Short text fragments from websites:
--------------------
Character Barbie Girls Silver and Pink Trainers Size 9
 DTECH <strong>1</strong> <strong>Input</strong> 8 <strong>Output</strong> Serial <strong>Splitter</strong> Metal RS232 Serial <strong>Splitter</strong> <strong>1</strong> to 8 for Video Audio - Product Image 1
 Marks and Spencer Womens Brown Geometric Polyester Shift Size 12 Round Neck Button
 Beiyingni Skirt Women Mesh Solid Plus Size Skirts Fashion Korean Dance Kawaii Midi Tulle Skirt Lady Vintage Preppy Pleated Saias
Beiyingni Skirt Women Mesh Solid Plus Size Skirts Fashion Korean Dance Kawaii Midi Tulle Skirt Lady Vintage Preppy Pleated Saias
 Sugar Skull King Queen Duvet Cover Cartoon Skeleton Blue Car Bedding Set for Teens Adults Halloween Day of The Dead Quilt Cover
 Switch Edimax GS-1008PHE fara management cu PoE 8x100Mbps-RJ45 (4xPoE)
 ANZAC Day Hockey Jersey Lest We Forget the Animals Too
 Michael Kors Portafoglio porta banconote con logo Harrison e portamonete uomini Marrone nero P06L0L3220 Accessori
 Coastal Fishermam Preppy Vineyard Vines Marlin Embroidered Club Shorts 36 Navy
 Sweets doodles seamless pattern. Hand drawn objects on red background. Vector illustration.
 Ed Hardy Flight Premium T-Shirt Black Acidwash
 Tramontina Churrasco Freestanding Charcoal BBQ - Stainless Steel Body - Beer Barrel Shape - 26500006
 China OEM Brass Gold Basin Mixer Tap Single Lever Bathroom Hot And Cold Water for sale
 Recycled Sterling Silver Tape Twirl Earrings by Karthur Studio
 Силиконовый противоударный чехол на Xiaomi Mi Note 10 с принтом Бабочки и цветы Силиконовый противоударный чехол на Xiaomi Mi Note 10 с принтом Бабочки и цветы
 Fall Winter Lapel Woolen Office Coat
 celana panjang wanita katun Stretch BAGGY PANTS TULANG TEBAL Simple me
--------------------
Only the lines from the one with "Recycled Sterling Silver" through the end of the data should be printed, each exactly as it appears.

_Solution for this problem_
 Recycled Sterling Silver Tape Twirl Earrings by Karthur Studio
 Силиконовый противоударный чехол на Xiaomi Mi Note 10 с принтом Бабочки и цветы Силиконовый противоударный чехол на Xiaomi Mi Note 10 с принтом Бабочки и цветы
 Fall Winter Lapel Woolen Office Coat
 celana panjang wanita katun Stretch BAGGY PANTS TULANG TEBAL Simple me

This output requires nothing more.